Machen wir uns keine Illusionen: Viele in Europa wären über eine rasche Niederlage der Ukraine erleichtert. Anstatt zu helfen, telefonieren sie mit dem Aggressor
Der Elysée-Palast teilte am Samstag, dem 12. März mit, dass der französische Präsident Emmanuel Macron und Bundeskanzler Olaf Scholz erneut mit dem russischen Präsidenten Wladimir Putin in Sachen Krieg in der Ukraine telefoniert haben. „Die drei Staatschefs haben ein Telefongespräch geführt, in dem Frankreich und Deutschland von Russland die sofortige Einstellung des Krieges forderten“, so das Kommuniqué.
Nach Angaben des Elysée-Palastes hat Macron seit seinem letzten Treffen im Kreml am 7. Februar 2022 bereits neun Telefongespräche mit Putin geführt, darunter am Donnerstag, dem 3. März. Damals hieß es, dass „Macron und Scholz darauf bestanden, dass jede Lösung der Krise durch Verhandlungen zwischen der Ukraine und Russland erfolgen solle“. Macron, Scholz und Putin vereinbarten auch, in den kommenden Tagen weiterhin engen Kontakt zu halten.
Auf der einen Seite haben wir das Ausbremsen wirklich harter Sanktionen (Energieträgerembargo), die Russland in kürzester Zeit in die Knie zwingen könnten (auch wenn sie mit wirtschaftlichen Kosten für Europa verbunden sind), auf der anderen Seite den zwanghaften Hang zum Telefonieren mit dem Aggressor. Alle zwei oder drei Tage ein Anruf – immer mit dem gleichen Ergebnis. Der Nutzen dieser Telefonate für das Opfer, die Ukraine ist gleich Null, während gleichzeitig der Eindruck entsteht, dass Berlin und Paris psychologisch gar nicht in der Lage sind, einen harten, lang anhaltenden Konflikt mit Russland zu ertragen.
Man fragt sich wo wäre Polen, wenn es die Vereinigten Staaten nicht gäbe? Inwieweit könnte die Europäische Union, die ja von den beiden Telefon-Gesprächspartnern Putins dominiert wird, den Staaten im Osten, einschließlich Polen, eine robuste Sicherheit garantieren? Man wird den Eindruck nicht los, dass sehr viele in Westeuropa nach einer raschen Niederlage der Ukraine und dem Triumph Moskaus erleichtert aufatmen würden. Liebend gern würden sie danach erneut so etwas wie die Minsker Gespräche organisieren, bei denen die russischen Eroberungen besiegelt und die Ukraine politisch und militärisch mundtot gemacht würde, um sich reinen Gewissens wieder auf Putin einzulassen.

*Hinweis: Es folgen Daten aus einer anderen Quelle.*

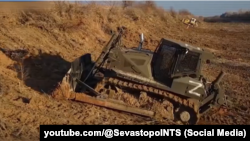 «Вони будують нові рубежі оборони, усвідомлюючи, що вони їм знадобляться» (фото ілюстративне)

Aber man muss sich auch fragen: Wo stünden wir, wenn Macron und Scholz zumindest einen Teil der Energie, die sie für das antichambrieren im Kreml aufwenden, darauf verwendet hätten, wirksame Wege zur Bestrafung Russlands zu finden? Oder die Ukraine mit der den Waffen zu versorgen, die es ihr ermöglichen würden, der russischen Armee noch größere Verluste zuzufügen?
Sanktionen, Waffen, Hilfe für Flüchtlinge, Unterstützung für Staaten, die Ukrainer aufnehmen. So sollte die solidarische Antwort der freien Welt auf die russische Aggression aussehen. Alles andere ist in diesem Stadium des Krieges ein beschämendes Ausweichen.